Hi folks and congrats @Christine Wheelwright.

Thanks for the votes Culhwch, The Judge, cyprus7, Peter V, Provincial, emrosenagel and Yozh, plus the mentions :)

For the votes...
  • @johnnyjet - a change from every bad apocalyptic AI story at the moment, a house computer with a heart
  • @Lacedaemonian - story time with a rhyme and a rhythm
  • @M. Robert Gibson - time-travelling, cheese collecting mice, oh yes
As to my tale, a stupid amount has been going on over the last 6 months. I wrote this at quite a down point in a cathartic attempt to help dump stuff out of my head.

My wife loves going though charity, second-hand and antique shops. Like the tale, she has an eclectic style and while not overtly religious, she is a firm believer that something happens when we die.
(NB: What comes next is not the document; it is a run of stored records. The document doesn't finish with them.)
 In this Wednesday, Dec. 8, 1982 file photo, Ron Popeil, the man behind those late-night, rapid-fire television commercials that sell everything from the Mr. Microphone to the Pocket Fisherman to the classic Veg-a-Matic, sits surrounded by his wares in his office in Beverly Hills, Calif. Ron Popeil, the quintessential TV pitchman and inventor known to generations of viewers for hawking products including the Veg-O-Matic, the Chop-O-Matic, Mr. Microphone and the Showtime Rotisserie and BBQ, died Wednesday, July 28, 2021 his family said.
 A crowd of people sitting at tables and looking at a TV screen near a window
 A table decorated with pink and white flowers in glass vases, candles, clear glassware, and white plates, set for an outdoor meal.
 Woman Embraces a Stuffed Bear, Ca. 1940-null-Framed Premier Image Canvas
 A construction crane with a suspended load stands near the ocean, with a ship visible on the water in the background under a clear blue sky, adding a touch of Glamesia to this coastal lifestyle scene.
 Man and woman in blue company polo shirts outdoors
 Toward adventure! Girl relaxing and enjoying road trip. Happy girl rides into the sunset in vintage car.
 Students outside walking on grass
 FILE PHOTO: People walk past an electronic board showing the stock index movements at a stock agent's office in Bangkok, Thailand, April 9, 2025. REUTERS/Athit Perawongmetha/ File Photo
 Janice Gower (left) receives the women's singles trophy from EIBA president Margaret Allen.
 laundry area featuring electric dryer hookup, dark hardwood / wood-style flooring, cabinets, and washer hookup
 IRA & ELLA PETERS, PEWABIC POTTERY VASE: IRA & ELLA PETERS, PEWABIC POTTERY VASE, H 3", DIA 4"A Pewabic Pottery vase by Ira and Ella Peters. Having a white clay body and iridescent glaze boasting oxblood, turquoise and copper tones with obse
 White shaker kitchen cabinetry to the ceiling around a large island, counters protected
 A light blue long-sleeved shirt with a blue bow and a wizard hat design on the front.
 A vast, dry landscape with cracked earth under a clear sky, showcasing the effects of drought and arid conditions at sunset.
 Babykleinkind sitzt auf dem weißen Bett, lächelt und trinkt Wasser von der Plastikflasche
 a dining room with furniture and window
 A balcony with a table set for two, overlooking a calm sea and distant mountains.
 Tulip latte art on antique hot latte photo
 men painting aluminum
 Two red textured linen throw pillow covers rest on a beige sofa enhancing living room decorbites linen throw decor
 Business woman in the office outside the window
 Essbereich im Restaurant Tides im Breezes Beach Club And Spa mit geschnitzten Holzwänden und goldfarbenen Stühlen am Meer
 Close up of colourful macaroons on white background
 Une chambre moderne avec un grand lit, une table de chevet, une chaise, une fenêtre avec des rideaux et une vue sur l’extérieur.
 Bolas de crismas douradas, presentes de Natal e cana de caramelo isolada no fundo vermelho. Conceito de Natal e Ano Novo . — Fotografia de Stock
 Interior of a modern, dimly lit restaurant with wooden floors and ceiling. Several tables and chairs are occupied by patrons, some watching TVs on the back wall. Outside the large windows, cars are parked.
I don't, my logical brain beats out the imaginative one - I've been cooking up tales of gods and monsters for too long.

My cousin died the day after I wrote the story. The previous months had been slowly watching him go. I'm not sure if folks know, but there are a set number of things that happen to a person during the last 48 hours. All his life he broke rules, lived it exactly how he wanted. The last 48 hours he ticked off each thing, one after the other.

I was told by the Marie Curie nurse (they are superb by the way) that hearing is the last thing to go, and even if they don't acknowledge you, they can still hear. Whether this is true or not, didn't matter at the time.

The final part is that those about to pass away often see visions of people. My cousin did just that. Tip, if you're ever in that situation, go along with them, talk about it. Now some believe this is loved ones coming to welcome them on, others say it is just the brain playing tricks.

I don't care what the source.

All I'm glad of, if that person sees someone at the end that comforts them, surely that can only be good.

Since then, my Mom-in-law's twin also died, again another long drawn out episode.

At least they can now have peace.
 
Congratulations @Christine Wheelwright

Silver Medal @The Judge
Bronze Medal @johnnyjet

Star Wars Medals for everyone else!

My Story: I thought to myself, "What if the mice could become alive when their shadow box is opened. And if they were a carnival attraction." Later I came up with the idea about two kids sneaking into a Freak Show after it closes and befriended by a clown. My tale mutated into what I submitted.


Screenshot 2024-02-17 2.41.31 PM.png
 
I am very late, but congrats, @Christine Wheelwright!

Thank you so much for the votes, @Lacedaemonian, @nixie and @sule, and thanks as well to those who listed or mentioned my story. I'm not entirely sure where it came from, but for some reason when I saw the picture, I thought, those mice are in the middle of their own version of the Great War. because of course. And apparently I'm not the only one who thought about mouse wars! Anyway, it all evolved from there.